CBC workplace issues are in the spotlight again this week, with one former executive suing the broadcaster for wrongful dismissal and other employees alleging more workplace harassment.

Todd Spencer is suing the public broadcaster for $700,000 in relation to his firing, which came after the Jian Ghomeshi scandal.

And on Thursday Canadaland — headed by a journalist Jesse Brown — who played a key role in breaking the Ghomeshi sex assault allegations — reported allegations of workplace harassment at other CBC shows.

The two events raise the possibility that the public broadcaster has not dealt with problems in its workplace culture as effectively as it has claimed to have done since Ghomeshi’s firing from his role as host of the Q radio show in 2014.

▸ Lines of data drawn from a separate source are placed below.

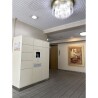 1LDK Apartment to Rent in Osaka-shi Taisho-ku Exterior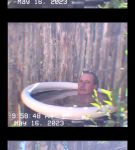 000_01_0055.jpeg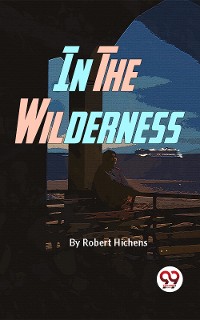 Cover In The Wilderness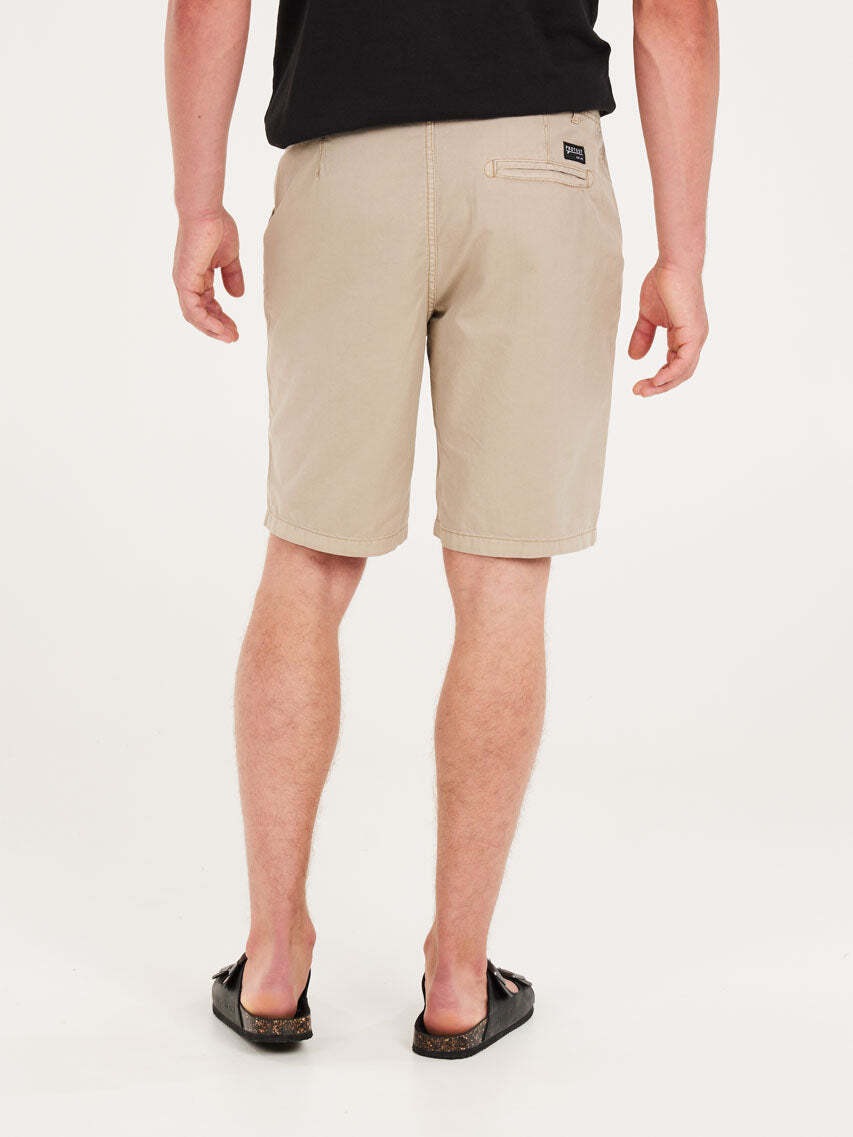 Protest Short »SHORTS PRTCOMIE«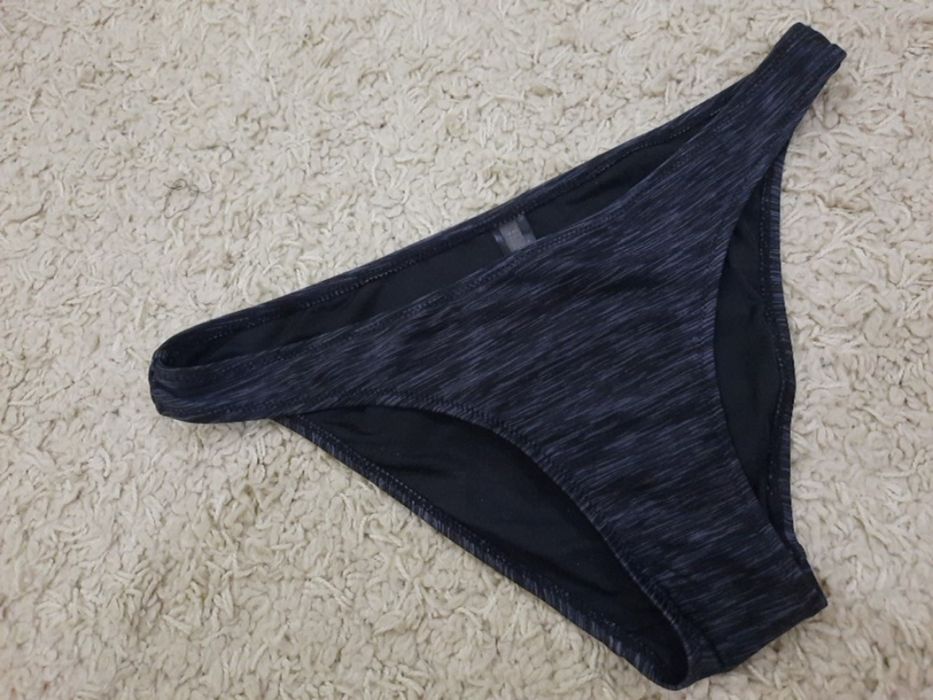 Плавки,низ от купальника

A CBC independent inquiry found in 2015 that its workplace didn’t adequately provide employees a workplace free of “disrespectful and abusive behaviour.” The broadcaster announced the firing of Spencer and another senior executive the same day the independent report was released, and has since stated that the issues found in the report have been dealt with.

16-hour work days

The Canadaland article stated that more than a dozen CBC employees have told the online news outlet of current or past incidents of workplace harassment at CBC Radio One, CBC TV Sports and CBC human resources.

The new allegations counter the CBC’s assertions that workplace harassment is being dealt with proactively at the broadcaster, Canadaland reports.

Producers for the radio show As It Happens approached the Canadian Media Guild with allegations of workplace complaints, beginning this past winter, according to emails Canadaland obtained. The complaints as listed in the emails include racist and sexist attitudes, verbal abuse and intimidation. No official union grievances were filed and the CBC has denied the allegations.

Three former television contractors told Canadaland that working for the broadcaster during its coverage of the Pan Am Games in summer 2015 involved 16-hour days with no breaks, lack of access to proper food and water while working, and an instance of verbal abuse that resulted in a formal apology.

Spencer claims unfair firing

At the time of his firing, Spencer was CBC’s executive director of human resources and industrial relations. He led the first internal investigation into Ghomeshi’s actions while he was an employee, beginning in June 2014 when two Q journalists inquired about the situation.

In his lawsuit, filed in Ontario Superior Court in March, Spencer accused CBC of publicly shaming and sacrificing him for political reasons. The suit claims that the broadcaster fabricated reasons to fire him in order to avoid the optics of paying him severance amid the fallout of the Ghomeshi allegations.

In the statement of claim Spencer says that the CBC’s “harsh, vindictive, reprehensible and malicious or highhanded” conduct “must not be condoned by the court especially given the CBC’s stature as Canada’s public broadcaster.”

In a statement of defence, CBC said that Spencer only purported to investigate the claims against Ghomeshi, mislead the broadcaster about what he knew and did not pursue allegations two employees made about the radio host’s workplace behaviour.

None of the allegations have yet been proven in court.

The CBC referred to its statement of defence and declined to comment on the case to Yahoo Canada News.